[Saved entries]
---

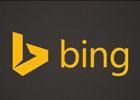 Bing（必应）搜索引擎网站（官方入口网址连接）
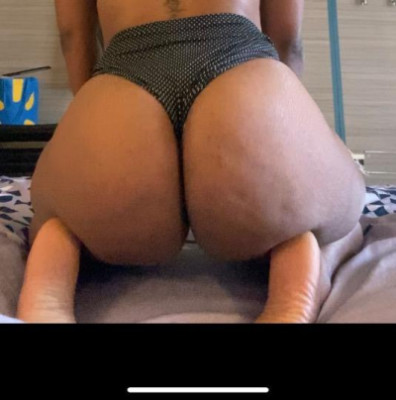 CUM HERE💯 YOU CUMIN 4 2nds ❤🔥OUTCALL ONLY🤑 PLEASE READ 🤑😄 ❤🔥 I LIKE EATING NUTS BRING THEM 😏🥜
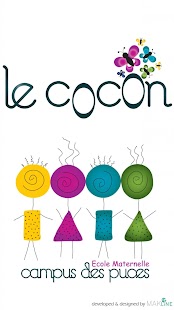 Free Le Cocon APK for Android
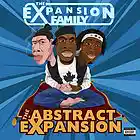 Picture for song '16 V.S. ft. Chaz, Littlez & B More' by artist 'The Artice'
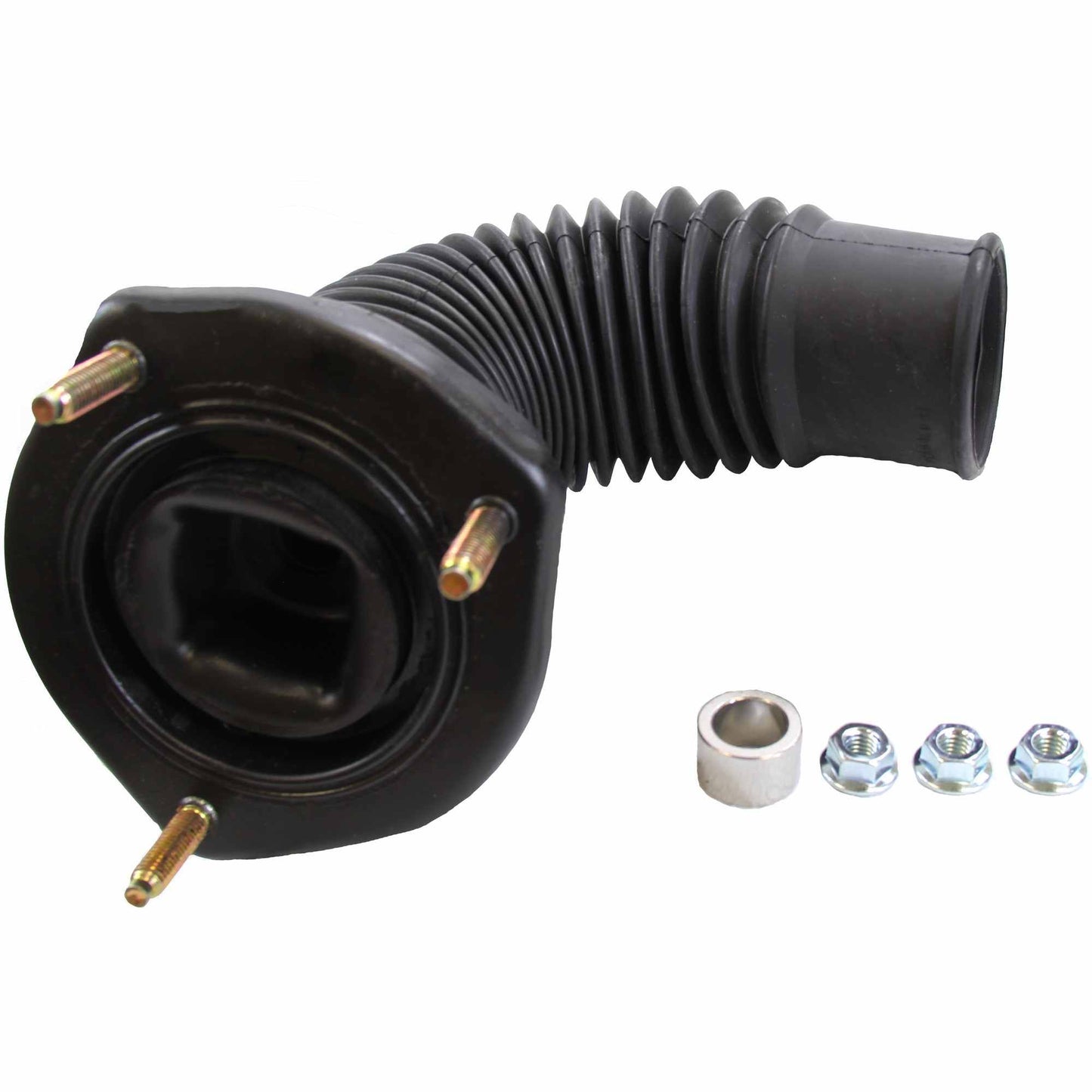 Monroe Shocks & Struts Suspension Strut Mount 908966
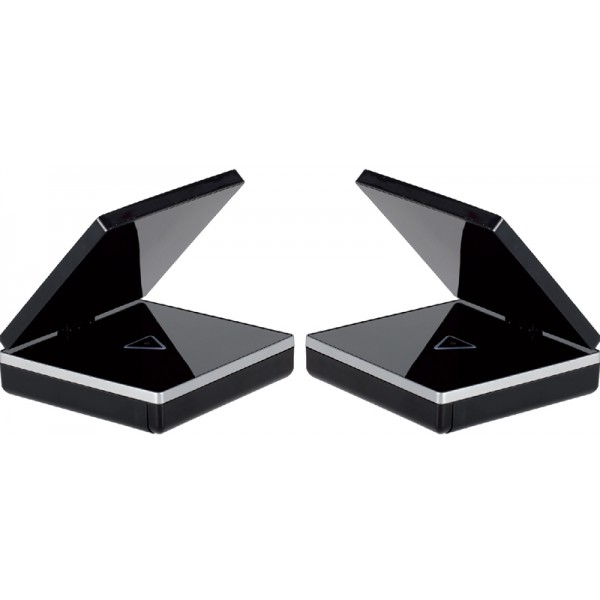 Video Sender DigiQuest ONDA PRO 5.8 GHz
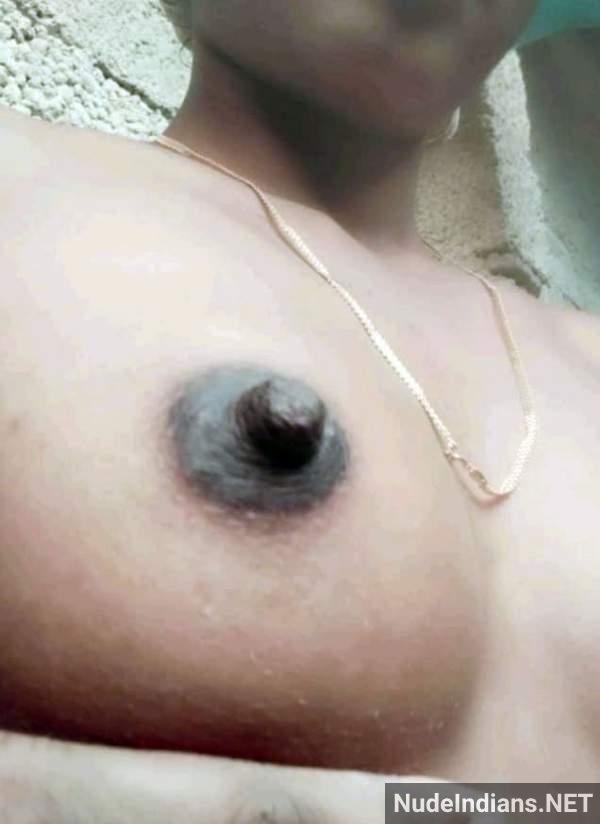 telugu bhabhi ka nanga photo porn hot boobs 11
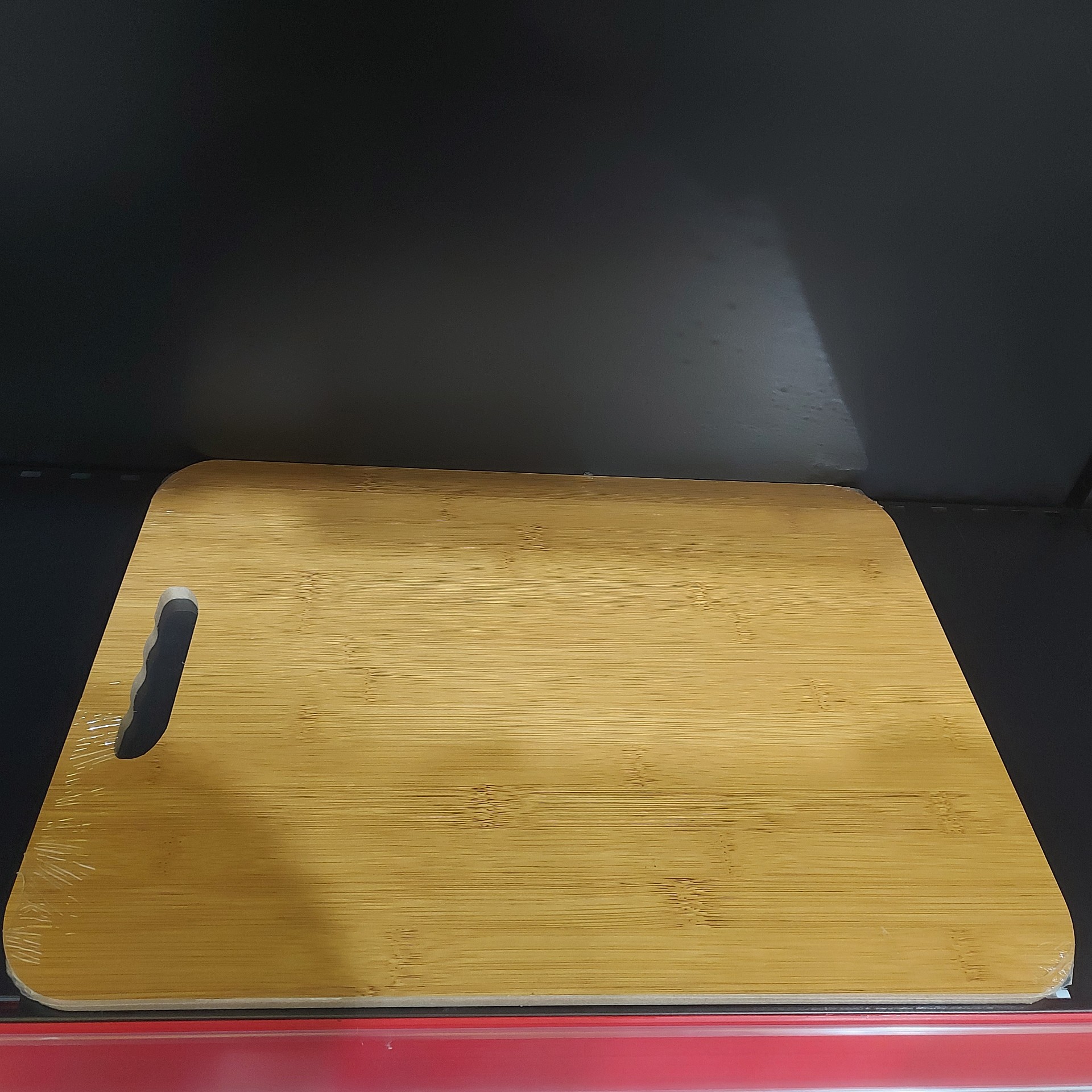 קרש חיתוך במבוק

---

> What to produce: Only the lines from the one containing "Monroe Shocks &" through the last line of the entries above belong in the copy; reproduce them exactly and drop every picture.

> Answer area:
 Monroe Shocks & Struts Suspension Strut Mount 908966
 Video Sender DigiQuest ONDA PRO 5.8 GHz
 telugu bhabhi ka nanga photo porn hot boobs 11
 קרש חיתוך במבוק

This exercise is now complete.